Sobre o valor dos ingressos, elas são taxativas: "Temos que cobrar R$ 60 porque tem a meia-entrada. Eu acho bacana meia-entrada, sabe? Mas no nosso teatro 88% da platéia entra com meia-entrada. 88%! 88%, querida!", diz Andréa. E Marieta: "Aí dizem: "Os artistas são contra a meia-entrada". Não, não somos. Mas os 12% que sobram na platéia têm que pagar por isso".
 

São quase oito da noite e elas vão ao camarim se preparar. Lá, colocarão apliques de cabelo comprido preto, com uma fina trança, pintarão os olhos e vestirão preto. "Mas não dá pra fotografar, não. Fica aquela raiz horrível aparecendo no cabelo, sabe? Quando terminar, a gente avisa", diz Andréa.
 

No palco, como duas carpideiras, vão correr, chorar, cantar e pular.

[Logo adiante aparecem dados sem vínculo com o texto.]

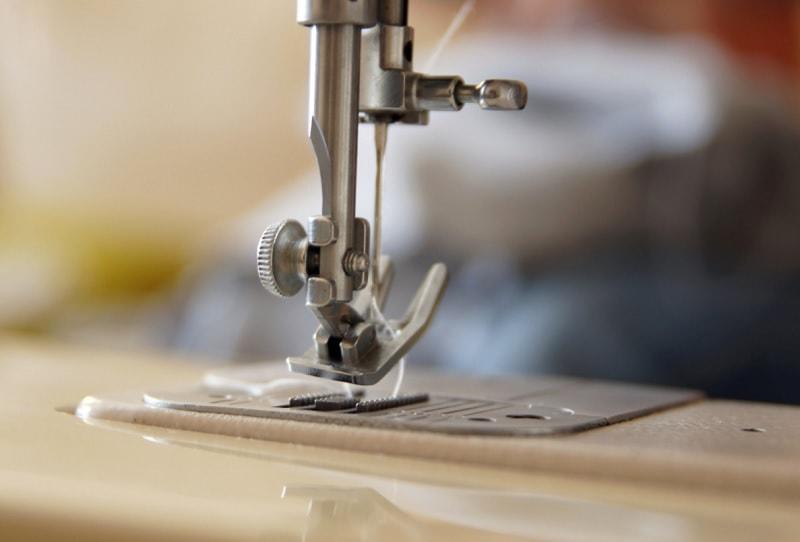 Coudre à la main ou à la machine à coudre ?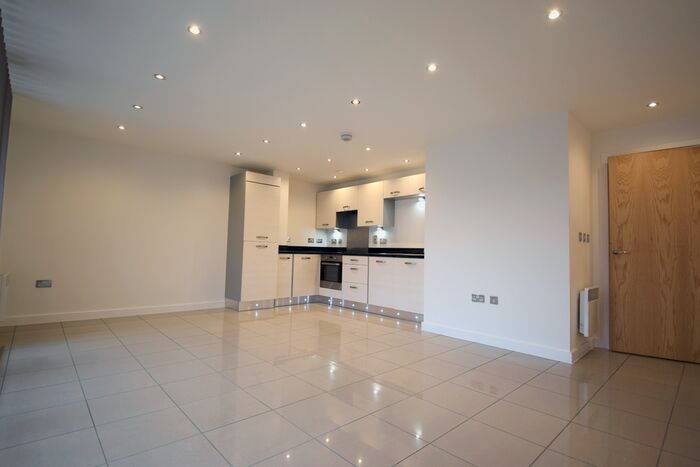 2 Bedroom Flat To Rent In Geoffrey Watling Way, Norwich, NR1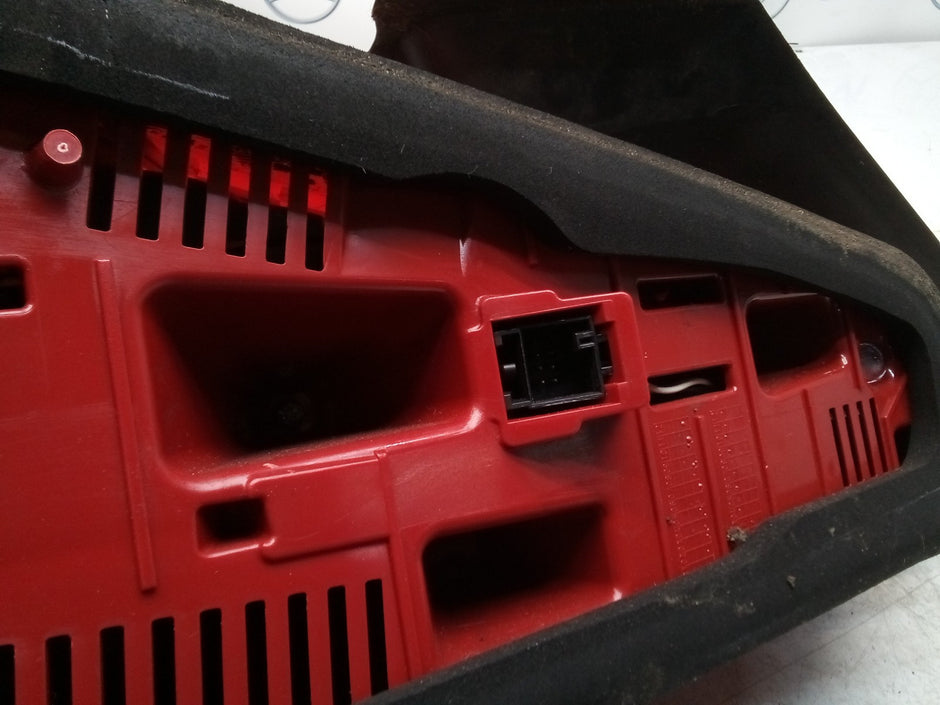 MERCEDES CLA W117 DRIVER SIDE RIGHT OS REAR TAIL LIGHT A1179060601 2015 FMT212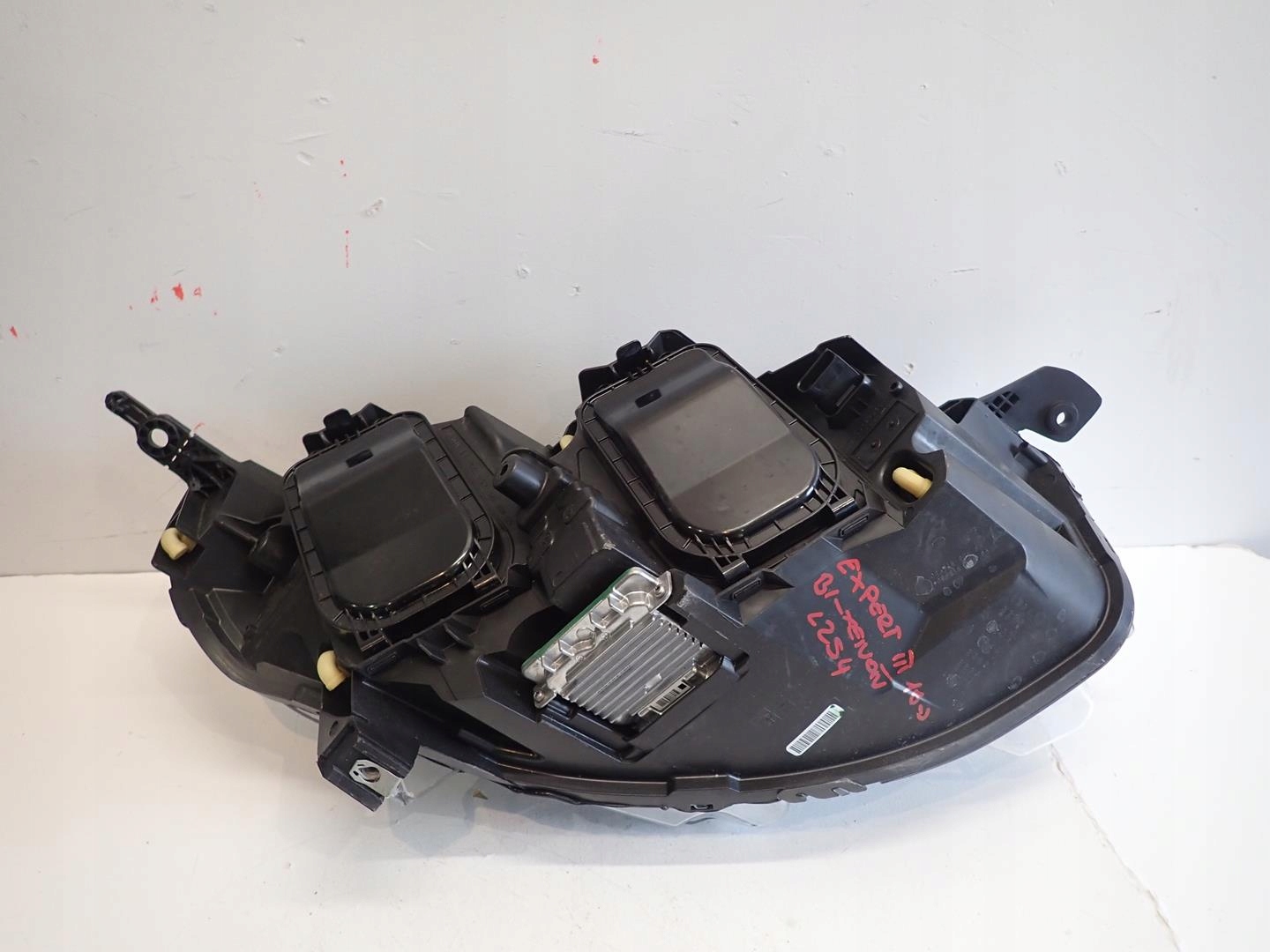 light front left PEUGEOT EXPERT III 16- XENON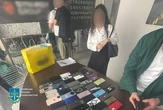 Портрети путіна та подяки від фсб: у Києві припинили роботу колл-центрів, проведено 15 обшуків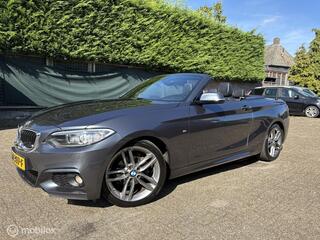 BMW 2-SERIE Cabrio 218i M Sport / Leder / Navi / Nieuwe APK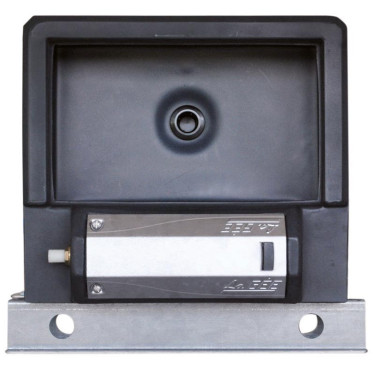 Abbeveratoio Polybac 25 M semplice con bordo interno e supporto di fissaggio La Gée Abbeveratoio Polybac 25 M semplice con bordo interno e supporto di fissaggio La Gée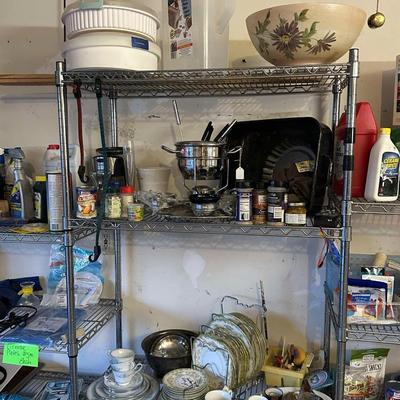 Lot 29: Garage Left Side Selection & Shelf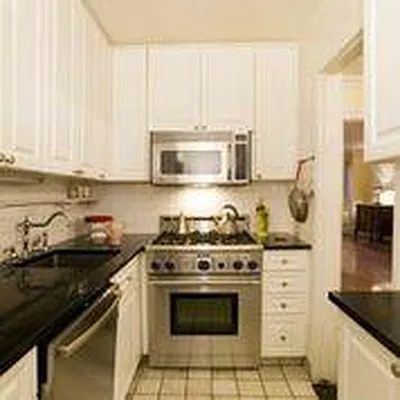 Sold by R New York | media 10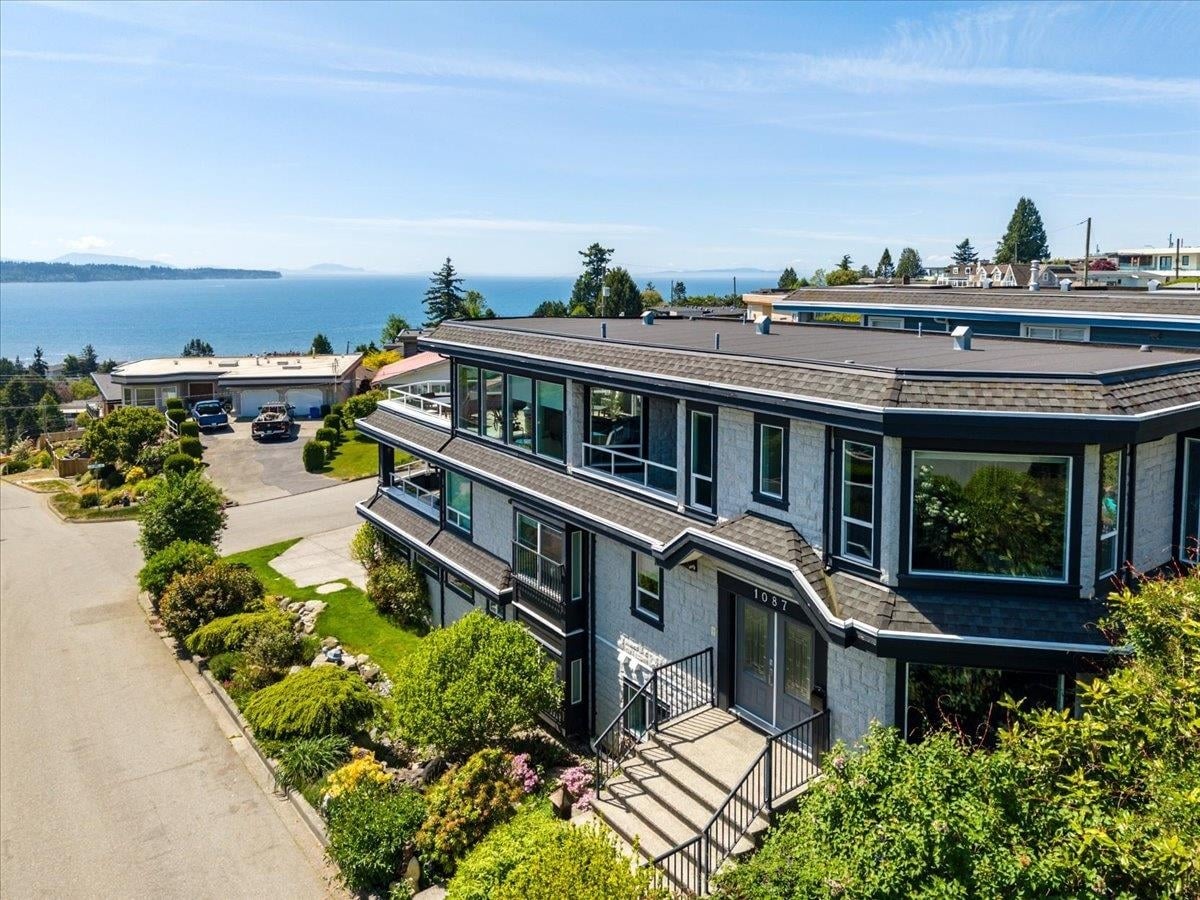 1087 Finlay Street, White Rock, BC, V4B 4K7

Para Marieta, que se veste até de Lampião para a peça, resta algum desafio após 40 anos de palco? "Eu faço sempre uma cega em cima de uma trave, não sei por quê. Andar com uma xícara de chá de um lado para o outro e sentar elegantemente no sofá seria ótimo. Podia ser a próxima peça, né?"
 

"Esse espelho é um horror. Você vê coisas que ninguém precisa ver", lamenta Andréa, de frente para um espelho de aumento. "E, invariavelmente, você pega uma pinça", completa Marieta, que começa a assobiar "O Cio da Terra". Ao lado das maquiagens, Marieta tem fotos das três filhas do casamento com Chico Buarque e os cinco netos; Andréa aparece com os três filhos. "É uma invenção muito bem inventadinha, o amor. É a coisa mais bonita que inventaram pra dar sentido à vida", diz Marieta. Andréa não perde a piada: "É uma filósofa. É uma filósofa...".